The new President of the Hellenic Republic, Prokopis Pavlopoulos, was elected today, February 18, by the Greek Parliament. Pavlopoulos was born in 1950 in Kalamata, Greece, where he finished his school studies. In 1968, he moved to the Greek capital to study at Athens University Law School.
He is married with Vlassia Pavlopoulou-Peltsemi and the couple has three children: Vassilis, a lawyer, Maria, a French literature graduate, and Zoe, a kindergarten teacher.
In 1974, he was appointed Secretary of the Greek President Michael Stassinopoulos, whom he met when the latter was being held under house arrest during the Military Junta in Greece.
One year later, in 1975, he began his studies in University of Paris II (former Sorbonne) after receiving a French government scholarship. He received a postgraduate DEA and in 1977 he was declared a Doctor in Public Law.
Pavlopoulos followed an academic career as a Curator (1981), Associate Professor (1982), Assistant Professor (1983), Associate Professor (1986) and Professor (1989) at the Athens University Law School. In 1986, he was elected Visiting Professor at University Paris II in France.
During his academic career, he wrote numerous books and articles that have been widely recognized by the scientific community.

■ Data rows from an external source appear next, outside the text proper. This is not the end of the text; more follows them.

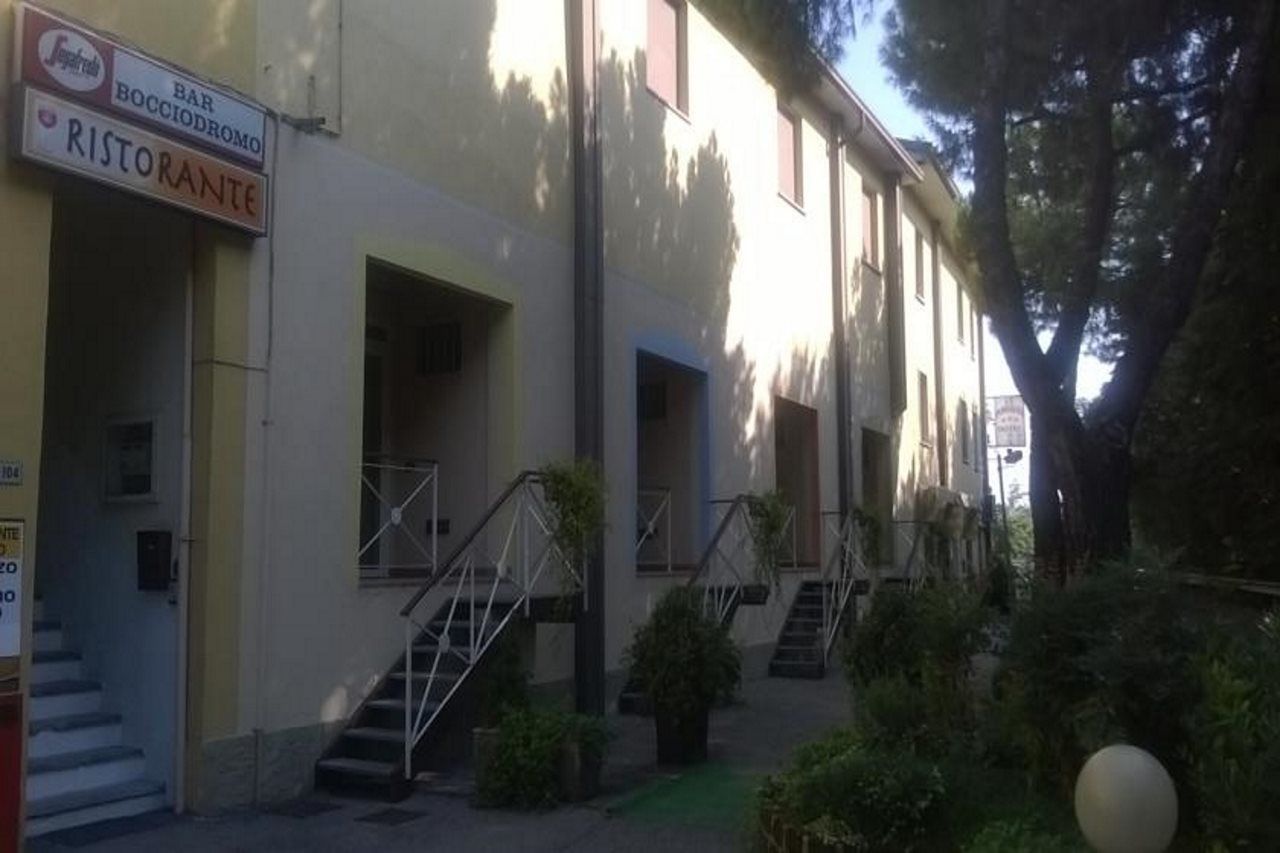Hotel La Passeggiata Desenzano del Garda Exteriör bild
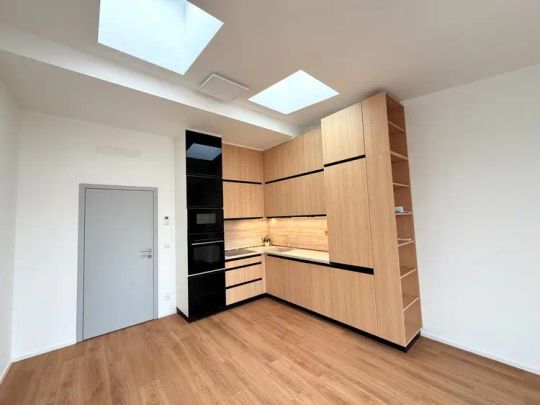 NABÍDKA PRONÁJMU NOVOSTAVBY BYTU 2+KK S BALKÓNEM, PARKOVACÍM STÁNÍM A SKLEPEM V BRNĚ - Photo 1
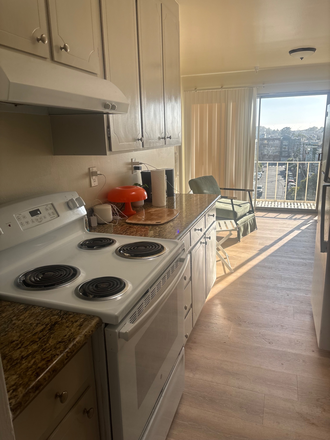 Kitchen - 2 Rooms Available | 3BR Near USF | Walk to Campus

In 1996, Pavlopoulos began his long-standing career in politics. He was first elected an MP with New Democracy in the 1996 election. Later, he was reelected with the same party in the first Athens district in the 2000, 2004, 2007, 2009 and 2012 elections.
He has served as Alternate Minister for the Presidency and government spokesman in the ecumenical government headed by Xenophon Zolotas (1989-1990), head of the legal office to Greek President Constantine Karamanlis from 1990 to 1995, New Democracy’s Press and Information Spokesman (1995-1997), Parliamentary Spokesman (2000-2004), Minister of Interior, Public Administration and Decentralization (2004-2007) and finally, Minister of the Interior and Public Order (2007-2009).
Pavlopoulos has always stood against the unified property tax (ENFIA), claiming it was unconstitutional. “The tax, as it is today, has the same defects that EETIDE (another unpopular tax) used to have. We are prisoners of this system,” he had stated in August 2014.